On Tuesday, the Worcester County Commissioners made significant cuts to the proposed budget after expressing frustration with various aspects of the agency, which is headed by Sheriff Reggie Mason. Harold Higgins, the county’s chief administrative officer, said the situation could improve once a new sheriff was elected later this year.

“I think going forward it’s a level of trust,” Higgins said. “Let’s face it, we have not had the best of relationships the last year or so with the sheriff’s office for whatever reason. I think with the new sheriff it gives you the opportunity to reinforce procedures that are in place.”

Initially, the sheriff’s office requested $8.3 million in funding for the coming fiscal year. The county’s budget review committee cut $520,404 by adjusting the department’s personnel request. The commissioners went on to cut an additional $309,000 during a work session Tuesday.

Though the sheriff’s office wanted funding to hire three new deputies and a school resource officer, the committee suggested providing funding for the resource officer and for the hiring of two new deputies but not until January. Higgins said that would give the new sheriff, who takes over at the end of the year, the opportunity to hire the new officers.

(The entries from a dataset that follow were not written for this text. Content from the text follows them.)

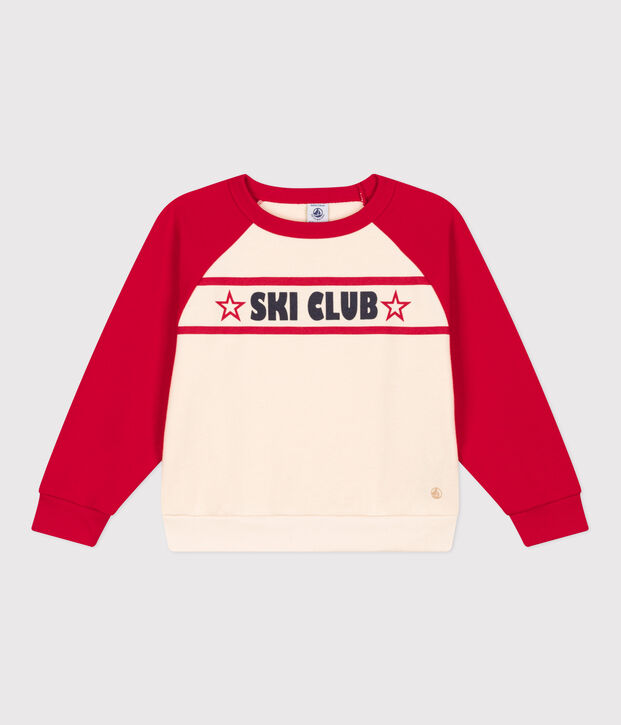 Sudadera de mulet&oacute;n para ni&ntilde;o crudo/rojo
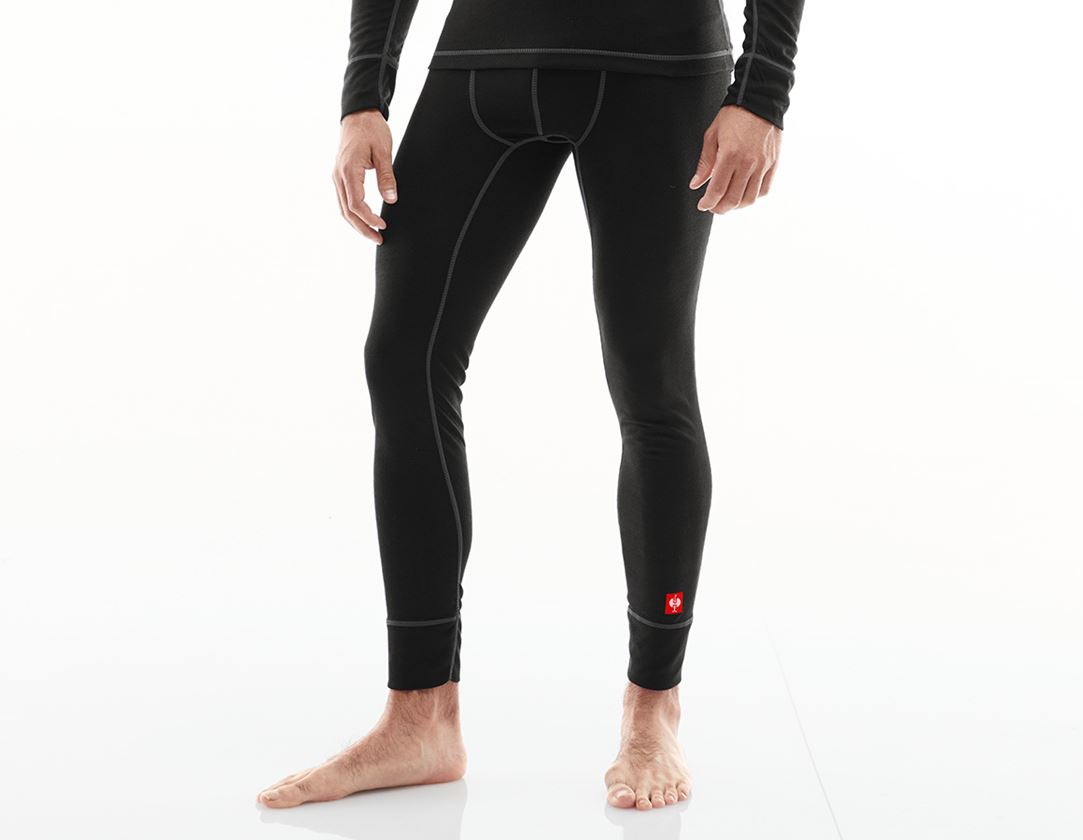 Intimo | Abbigliamento termico: e.s. long pants funzionali basis-light + nero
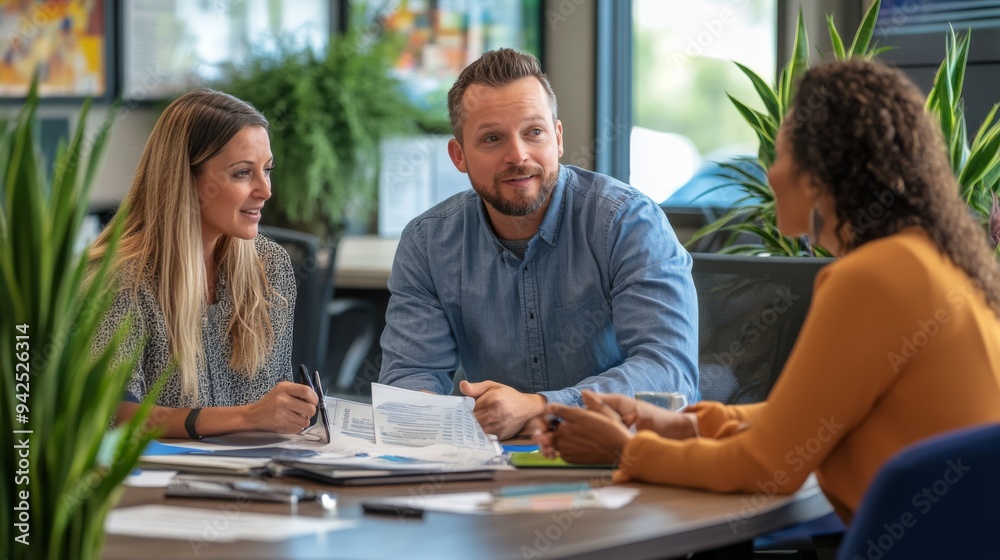Renovation financing consultant discussing loan options with homeowners in a realistic and welcoming office setting. Renovation concept.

Commissioner Jim Bunting said he didn’t think the new deputies should be included in the budget at all. He said the new sheriff could ask for funding for new deputies during next year’s budget process.

“I’ve heard both candidates say they don’t need any new sheriffs,” Bunting said. “I don’t know why it’s in there at all.”

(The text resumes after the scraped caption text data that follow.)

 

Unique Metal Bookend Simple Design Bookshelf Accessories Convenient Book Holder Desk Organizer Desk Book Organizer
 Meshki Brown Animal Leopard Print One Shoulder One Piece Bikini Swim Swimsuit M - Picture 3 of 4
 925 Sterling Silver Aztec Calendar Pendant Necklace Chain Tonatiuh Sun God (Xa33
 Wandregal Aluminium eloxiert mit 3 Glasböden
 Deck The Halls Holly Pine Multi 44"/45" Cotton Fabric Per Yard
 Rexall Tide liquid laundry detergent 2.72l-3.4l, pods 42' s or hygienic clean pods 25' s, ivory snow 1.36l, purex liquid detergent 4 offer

Commissioner Ted Elder also spoke against hiring new officers. He said new employees would only contribute to the county’s mounting OPEB (other post-employment benefits) costs.

“We keep adding to the problem,” he said.

Elder said the sheriff was already in charge of a staff of 120 people and that the department regularly exceeded its allotted overtime funding.

“The more you add these positions the higher it goes,” he said.

The commissioners agreed to include funding in the budget for the school resource officer but not the new deputies.

Commissioner Joe Mitrecic expressed concern regarding the new vehicles — four-wheel drive Chevy Tahoes — the sheriff wanted to purchase. He said the department didn’t need more four-wheel drive vehicles, particularly since the area saw little snow.

Bunting agreed.

“We’re not Alaska law,” he said.

Commissioner Bud Church said that the four-wheel drive vehicles would ensure that officers could respond to emergencies in all types of weather.  He said the Tahoe was also a vehicle capable of carrying all of an officer’s gear.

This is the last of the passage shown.